TRIS
Pego la frente al ocular del microscopio: el suero marrón anaranjado nada delante de mí.
Estaba tan concentrada en descubrir las mentiras de Nita que apenas me paré a pensar sobre la verdad: para ponerle las manos encima a este suero, el Departamento tuvo que haberlo desarrollado para después, de algún modo, entregárselo a Jeanine. Me aparto. ¿Por qué colaboraría Jeanine con el Departamento si tan empeñada estaba en quedarse en la ciudad, lejos de ellos?
Sin embargo, supongo que el Departamento y Jeanine compartían un objetivo común: los dos querían que el experimento continuara; a los dos les aterraba la idea de lo que pasaría de no continuar; los dos estaban dispuestos a sacrificar vidas inocentes para conseguirlo.
Pensaba que este lugar podía ser mi hogar, pero el Departamento está lleno de asesinos. Me mezo sobre los talones como si me empujara una fuerza invisible y después salgo de la habitación con el corazón acelerado.

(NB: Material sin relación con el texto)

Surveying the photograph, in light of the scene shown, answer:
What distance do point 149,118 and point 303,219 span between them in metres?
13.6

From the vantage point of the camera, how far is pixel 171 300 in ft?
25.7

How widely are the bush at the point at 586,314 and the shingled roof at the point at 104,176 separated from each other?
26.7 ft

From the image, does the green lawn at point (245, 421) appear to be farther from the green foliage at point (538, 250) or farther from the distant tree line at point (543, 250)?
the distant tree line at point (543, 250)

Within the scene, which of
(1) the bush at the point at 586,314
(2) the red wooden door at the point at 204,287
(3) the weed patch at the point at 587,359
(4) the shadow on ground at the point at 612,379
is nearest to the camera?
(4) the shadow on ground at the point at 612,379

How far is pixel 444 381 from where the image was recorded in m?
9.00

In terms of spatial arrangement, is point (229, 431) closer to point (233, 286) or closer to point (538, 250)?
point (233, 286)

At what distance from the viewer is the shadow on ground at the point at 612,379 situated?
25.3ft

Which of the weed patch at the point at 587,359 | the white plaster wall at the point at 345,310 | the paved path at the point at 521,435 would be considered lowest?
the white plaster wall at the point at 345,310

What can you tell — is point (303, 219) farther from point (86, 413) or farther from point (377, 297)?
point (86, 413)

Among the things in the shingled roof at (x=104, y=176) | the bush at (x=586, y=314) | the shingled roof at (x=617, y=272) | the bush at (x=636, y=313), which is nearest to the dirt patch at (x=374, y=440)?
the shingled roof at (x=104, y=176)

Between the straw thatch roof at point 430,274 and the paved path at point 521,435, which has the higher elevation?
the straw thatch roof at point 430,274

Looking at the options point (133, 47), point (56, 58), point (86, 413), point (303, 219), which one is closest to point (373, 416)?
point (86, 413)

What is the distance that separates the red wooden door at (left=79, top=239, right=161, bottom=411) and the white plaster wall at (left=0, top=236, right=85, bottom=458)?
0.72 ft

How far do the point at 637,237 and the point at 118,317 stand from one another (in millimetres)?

No hago caso de la gente que holgazanea por el pasillo. Me limito a seguir adentrándome en el complejo, en el corazón de la bestia.
Me oigo decirle a Christina que este lugar podría ser mi hogar.

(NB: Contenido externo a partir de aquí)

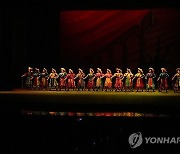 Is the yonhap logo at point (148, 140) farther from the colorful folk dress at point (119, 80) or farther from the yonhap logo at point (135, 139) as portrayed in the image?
the colorful folk dress at point (119, 80)

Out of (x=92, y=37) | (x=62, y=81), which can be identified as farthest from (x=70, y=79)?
(x=92, y=37)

«Esta gente asesinó a tus padres», repite la voz de Tobias dentro de mi cabeza.
No sé adónde voy, solo que necesito espacio y aire. Con la tarjeta de identificación en la mano, paso medio corriendo, medio andando por el control de seguridad para llegar a la escultura. Ahora el tanque no está iluminado, aunque el agua sigue cayendo, una gota por cada segundo que pasa. Me quedo un momento parada, observándola. Entonces veo a mi hermano al otro lado del bloque de piedra.
—¿Estás bien? —me pregunta, indeciso.
No estoy bien. Empezaba a creer que había encontrado un lugar en el que quedarme, un lugar que no era tan inestable, corrupto y controlador como para tener que marcharme. Ya debería haber sabido que ese lugar no existe.
—No —respondo.
Él empieza a rodear el bloque de piedra para acercarse.
—¿Qué te pasa?
—¿Que qué me pasa? —repito, riéndome—. Te lo diré así: acabo de descubrir que no eres la peor persona que conozco.

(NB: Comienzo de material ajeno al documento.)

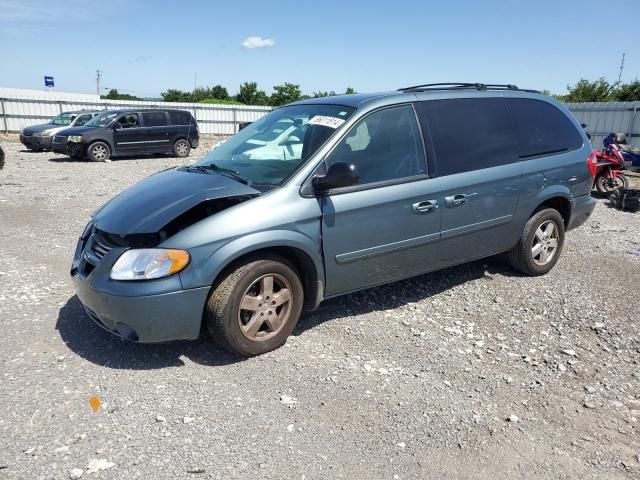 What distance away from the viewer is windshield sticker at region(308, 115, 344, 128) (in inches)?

Me pongo en cuclillas y me paso los dedos por el pelo. Me siento paralizada y aterrada ante mi parálisis. El Departamento es responsable de la muerte de mis padres, ¿por qué tengo que repetírmelo una y otra vez para creérmelo? ¿Qué me pasa?
—Ah —responde él—. Lo… ¿siento?
Solo consigo gruñir un poco.
—¿Sabes lo que me dijo mamá una vez? —me pregunta, y pronuncia la palabra «mamá» como si no la hubiese traicionado, lo que me hace apretar los dientes—. Me dijo que todo el mundo tiene una parte mala, y que el primer paso para amar a alguien es reconocer esa misma maldad dentro de nosotros, de modo que podamos perdonar.
—¿Eso quieres que haga? —digo débilmente mientras me levanto—. Puede que haya hecho cosas malas, Caleb, pero jamás te entregaría para que te ejecutaran.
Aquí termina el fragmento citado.